ツアー再開時には、テニスの戦い方が変わる? 大坂なおみのコーチがツアーコーチたちにデータ活用法を指導

ツアー再開時には、テニスの戦い方が変わる? 大坂なおみのコーチがツアーコーチたちにデータ活用法を指導

大坂なおみ(右)のコーチ、フィセッテ(左)は、データの活用に長けている。写真:山崎賢人(THE DIGEST写真部)

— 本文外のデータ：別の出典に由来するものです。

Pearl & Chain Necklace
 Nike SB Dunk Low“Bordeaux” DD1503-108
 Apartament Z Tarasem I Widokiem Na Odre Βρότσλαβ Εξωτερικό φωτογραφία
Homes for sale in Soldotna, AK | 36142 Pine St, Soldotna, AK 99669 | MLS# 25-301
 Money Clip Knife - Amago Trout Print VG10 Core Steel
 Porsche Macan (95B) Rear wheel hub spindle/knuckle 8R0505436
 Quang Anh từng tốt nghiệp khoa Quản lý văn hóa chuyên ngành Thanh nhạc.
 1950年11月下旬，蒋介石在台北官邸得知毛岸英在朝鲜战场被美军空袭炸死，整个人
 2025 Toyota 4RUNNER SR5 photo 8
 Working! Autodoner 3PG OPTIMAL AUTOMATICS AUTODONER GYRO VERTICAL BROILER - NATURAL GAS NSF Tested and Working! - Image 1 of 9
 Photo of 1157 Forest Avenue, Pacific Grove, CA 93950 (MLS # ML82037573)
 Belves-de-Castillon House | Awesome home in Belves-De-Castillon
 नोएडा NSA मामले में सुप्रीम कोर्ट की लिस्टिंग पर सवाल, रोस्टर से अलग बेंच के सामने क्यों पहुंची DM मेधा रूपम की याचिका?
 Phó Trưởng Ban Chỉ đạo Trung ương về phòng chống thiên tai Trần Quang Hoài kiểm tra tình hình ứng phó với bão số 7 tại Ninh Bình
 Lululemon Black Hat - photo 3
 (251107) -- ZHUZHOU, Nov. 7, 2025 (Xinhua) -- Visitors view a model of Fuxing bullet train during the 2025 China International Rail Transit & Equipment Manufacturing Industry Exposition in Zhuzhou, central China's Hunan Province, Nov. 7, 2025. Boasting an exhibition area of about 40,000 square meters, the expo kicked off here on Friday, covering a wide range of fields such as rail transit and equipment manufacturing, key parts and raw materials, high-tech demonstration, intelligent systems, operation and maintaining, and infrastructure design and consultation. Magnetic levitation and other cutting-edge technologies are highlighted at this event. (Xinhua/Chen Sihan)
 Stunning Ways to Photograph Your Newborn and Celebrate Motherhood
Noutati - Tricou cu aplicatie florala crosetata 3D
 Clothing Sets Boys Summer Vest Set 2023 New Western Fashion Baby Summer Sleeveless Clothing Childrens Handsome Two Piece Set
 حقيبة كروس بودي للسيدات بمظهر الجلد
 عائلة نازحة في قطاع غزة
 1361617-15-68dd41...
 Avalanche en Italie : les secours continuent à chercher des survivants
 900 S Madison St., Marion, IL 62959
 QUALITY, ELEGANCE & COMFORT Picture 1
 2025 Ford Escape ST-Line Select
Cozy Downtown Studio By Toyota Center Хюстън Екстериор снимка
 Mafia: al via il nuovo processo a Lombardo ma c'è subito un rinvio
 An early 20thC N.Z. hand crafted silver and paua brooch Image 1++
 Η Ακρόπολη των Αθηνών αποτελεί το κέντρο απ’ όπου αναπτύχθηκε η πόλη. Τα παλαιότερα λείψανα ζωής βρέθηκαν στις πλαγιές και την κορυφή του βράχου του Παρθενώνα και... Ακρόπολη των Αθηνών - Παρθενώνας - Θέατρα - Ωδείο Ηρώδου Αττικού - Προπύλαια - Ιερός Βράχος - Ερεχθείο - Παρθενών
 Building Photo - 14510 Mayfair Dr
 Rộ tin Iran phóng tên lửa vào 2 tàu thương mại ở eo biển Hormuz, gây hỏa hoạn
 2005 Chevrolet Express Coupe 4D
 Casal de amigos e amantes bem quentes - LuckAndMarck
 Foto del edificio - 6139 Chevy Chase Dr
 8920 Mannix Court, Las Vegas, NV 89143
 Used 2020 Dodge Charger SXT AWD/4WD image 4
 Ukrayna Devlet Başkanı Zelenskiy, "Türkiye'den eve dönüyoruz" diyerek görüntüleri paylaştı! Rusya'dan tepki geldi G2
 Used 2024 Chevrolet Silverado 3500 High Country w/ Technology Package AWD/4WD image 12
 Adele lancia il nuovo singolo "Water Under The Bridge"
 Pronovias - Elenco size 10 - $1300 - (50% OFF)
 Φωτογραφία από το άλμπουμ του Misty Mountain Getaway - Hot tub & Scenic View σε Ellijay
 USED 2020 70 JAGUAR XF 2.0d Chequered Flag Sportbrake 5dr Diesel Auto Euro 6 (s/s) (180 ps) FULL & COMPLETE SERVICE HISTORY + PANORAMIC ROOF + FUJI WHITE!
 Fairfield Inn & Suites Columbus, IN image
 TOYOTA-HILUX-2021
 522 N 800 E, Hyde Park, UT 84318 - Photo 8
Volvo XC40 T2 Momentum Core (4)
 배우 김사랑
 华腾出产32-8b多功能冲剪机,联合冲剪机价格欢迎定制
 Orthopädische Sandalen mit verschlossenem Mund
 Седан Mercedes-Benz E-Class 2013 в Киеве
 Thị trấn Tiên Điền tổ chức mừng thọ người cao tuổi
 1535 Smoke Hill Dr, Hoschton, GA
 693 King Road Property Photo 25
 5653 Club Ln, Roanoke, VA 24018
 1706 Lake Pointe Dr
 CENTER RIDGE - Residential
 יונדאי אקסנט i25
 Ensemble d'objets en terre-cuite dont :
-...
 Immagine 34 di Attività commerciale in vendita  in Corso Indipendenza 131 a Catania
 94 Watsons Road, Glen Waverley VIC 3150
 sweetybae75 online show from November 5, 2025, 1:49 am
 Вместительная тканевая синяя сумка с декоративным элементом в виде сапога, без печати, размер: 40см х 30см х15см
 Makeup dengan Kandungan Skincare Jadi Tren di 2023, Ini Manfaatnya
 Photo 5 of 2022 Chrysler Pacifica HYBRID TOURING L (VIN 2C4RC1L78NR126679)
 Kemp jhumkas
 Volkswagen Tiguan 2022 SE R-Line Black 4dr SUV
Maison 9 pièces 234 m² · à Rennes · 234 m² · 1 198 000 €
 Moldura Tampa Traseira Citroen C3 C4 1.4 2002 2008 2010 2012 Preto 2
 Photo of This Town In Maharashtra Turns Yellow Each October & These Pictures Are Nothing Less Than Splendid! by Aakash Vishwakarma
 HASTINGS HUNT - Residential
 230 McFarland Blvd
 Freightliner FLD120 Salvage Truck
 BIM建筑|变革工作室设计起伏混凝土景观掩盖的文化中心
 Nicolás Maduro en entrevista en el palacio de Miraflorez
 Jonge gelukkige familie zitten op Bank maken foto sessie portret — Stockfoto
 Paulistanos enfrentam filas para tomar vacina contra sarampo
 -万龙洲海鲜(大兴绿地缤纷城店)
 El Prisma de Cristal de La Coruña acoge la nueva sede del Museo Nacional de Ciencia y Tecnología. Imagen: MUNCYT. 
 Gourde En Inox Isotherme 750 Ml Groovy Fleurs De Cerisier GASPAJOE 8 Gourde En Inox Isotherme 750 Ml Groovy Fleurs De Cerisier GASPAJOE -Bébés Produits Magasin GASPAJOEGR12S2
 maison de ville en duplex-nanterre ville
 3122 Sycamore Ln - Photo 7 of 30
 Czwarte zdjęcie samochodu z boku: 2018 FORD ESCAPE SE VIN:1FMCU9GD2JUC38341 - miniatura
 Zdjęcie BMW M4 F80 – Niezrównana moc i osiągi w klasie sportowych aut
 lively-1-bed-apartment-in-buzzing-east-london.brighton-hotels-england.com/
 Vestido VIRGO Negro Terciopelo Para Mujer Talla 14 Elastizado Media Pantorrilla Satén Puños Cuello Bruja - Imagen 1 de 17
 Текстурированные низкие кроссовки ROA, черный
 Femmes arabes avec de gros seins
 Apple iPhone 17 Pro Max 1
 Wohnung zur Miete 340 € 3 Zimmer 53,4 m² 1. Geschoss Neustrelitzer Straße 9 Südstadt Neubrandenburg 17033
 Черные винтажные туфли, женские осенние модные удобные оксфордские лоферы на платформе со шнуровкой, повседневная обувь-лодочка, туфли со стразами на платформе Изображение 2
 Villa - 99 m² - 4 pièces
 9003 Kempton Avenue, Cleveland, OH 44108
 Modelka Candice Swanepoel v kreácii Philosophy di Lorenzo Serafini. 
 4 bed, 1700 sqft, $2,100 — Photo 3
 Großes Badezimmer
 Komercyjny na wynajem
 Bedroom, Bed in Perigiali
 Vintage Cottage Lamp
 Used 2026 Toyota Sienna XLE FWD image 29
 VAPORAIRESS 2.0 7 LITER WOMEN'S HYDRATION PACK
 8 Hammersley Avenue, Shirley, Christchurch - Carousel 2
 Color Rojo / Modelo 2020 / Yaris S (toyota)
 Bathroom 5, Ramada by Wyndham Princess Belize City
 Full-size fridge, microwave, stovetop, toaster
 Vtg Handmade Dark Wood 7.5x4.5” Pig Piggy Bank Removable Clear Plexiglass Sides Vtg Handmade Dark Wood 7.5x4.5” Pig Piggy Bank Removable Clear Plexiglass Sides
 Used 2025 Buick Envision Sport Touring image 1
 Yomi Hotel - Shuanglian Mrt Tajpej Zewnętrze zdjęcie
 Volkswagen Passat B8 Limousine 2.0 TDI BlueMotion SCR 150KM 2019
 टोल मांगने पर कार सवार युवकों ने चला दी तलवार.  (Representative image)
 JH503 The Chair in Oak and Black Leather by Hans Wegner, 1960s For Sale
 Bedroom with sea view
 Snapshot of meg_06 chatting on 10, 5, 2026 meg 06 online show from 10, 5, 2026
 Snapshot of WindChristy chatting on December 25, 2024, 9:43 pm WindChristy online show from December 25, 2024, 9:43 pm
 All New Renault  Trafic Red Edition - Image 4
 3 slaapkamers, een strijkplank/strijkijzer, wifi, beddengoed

テニスシーズンが依然としてストップしているなか、選手たちは日々SNSを通じて驚くほどの発信力を発揮している。だが、この期間に「今できること」をやっているのは選手だけではない。例えば、WTAのツアーコーチたちは、分析ソフトを活用した最新のコーチングスキルを磨いているという。

 WTAは大手ソフトウェア企業SAPと開発した分析ソフト「SAP Tennis Analytics」を2015年に導入。昨年10月には、このソフトで使える「Patterns of Play」というラリー分析ツールを発表している。WTA公式サイトによると、今回ツアーコーチ向けに行なわれたのは、この新機能を活用するためのオンラインセミナーだ。

 講師役となったのは、大坂なおみのコーチであり、SAPのアンバサダーでもあるウィム・フィセッテ。これまでも試合データを積極的に活用してきた彼は、「Patterns of Play」を使いこなせば、コーチは目で見る以上のものを得ることができると、WTA公式サイトで語っている。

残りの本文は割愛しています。